Given material:
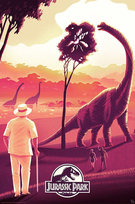 Jurassic World Welcome - plakat 61x91,5 cm Inna marka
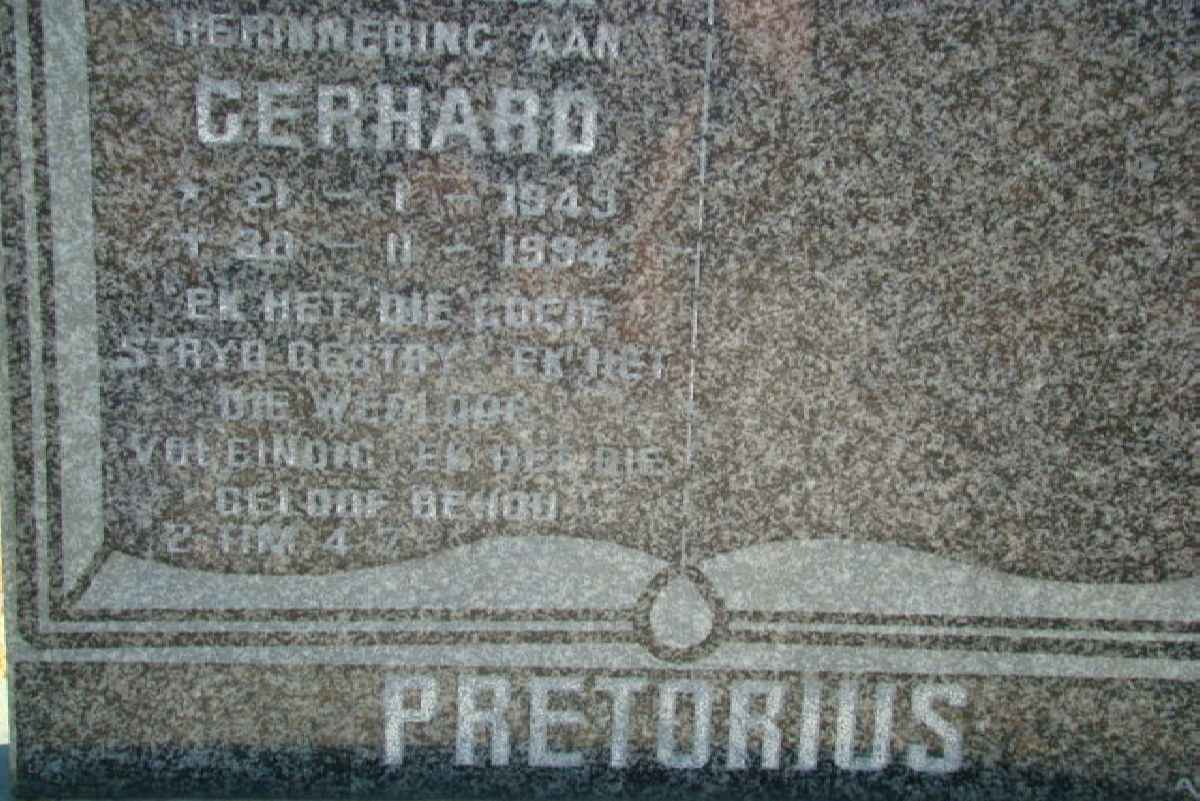 PRETORIUS Gerhard 1949-1994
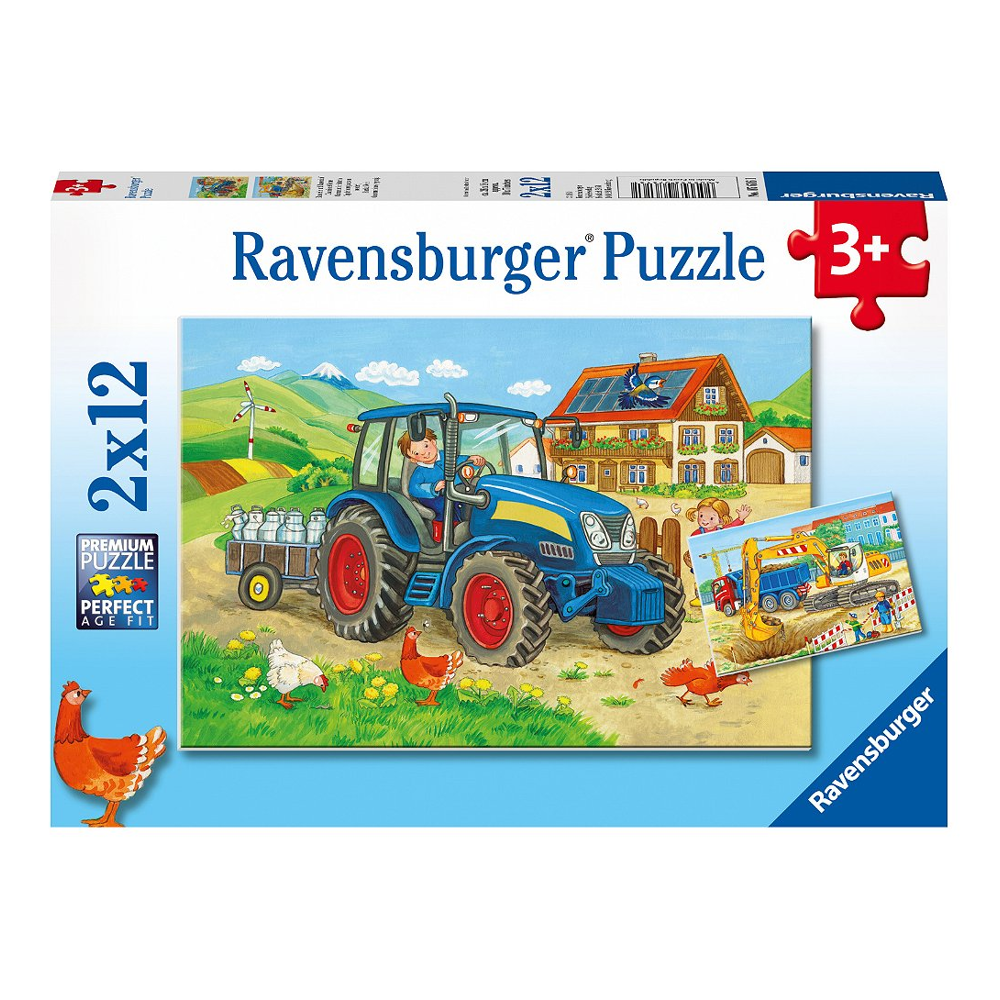 Puzzles 2x12 p - Chantier et ferme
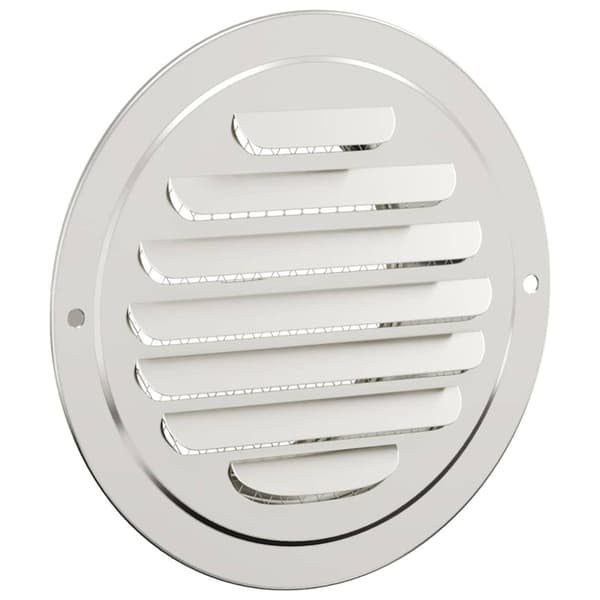 Luftventilationslock 4 pcs Silver 100 mm Rostfritt stål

Exercise brief: Every line from the one holding "Puzzles 2x12 p - Chantier et ferme" to the last line of the listing above, inclusive, must appear exactly as written, and no picture may appear.

Result of the task:
 Puzzles 2x12 p - Chantier et ferme
 Luftventilationslock 4 pcs Silver 100 mm Rostfritt stål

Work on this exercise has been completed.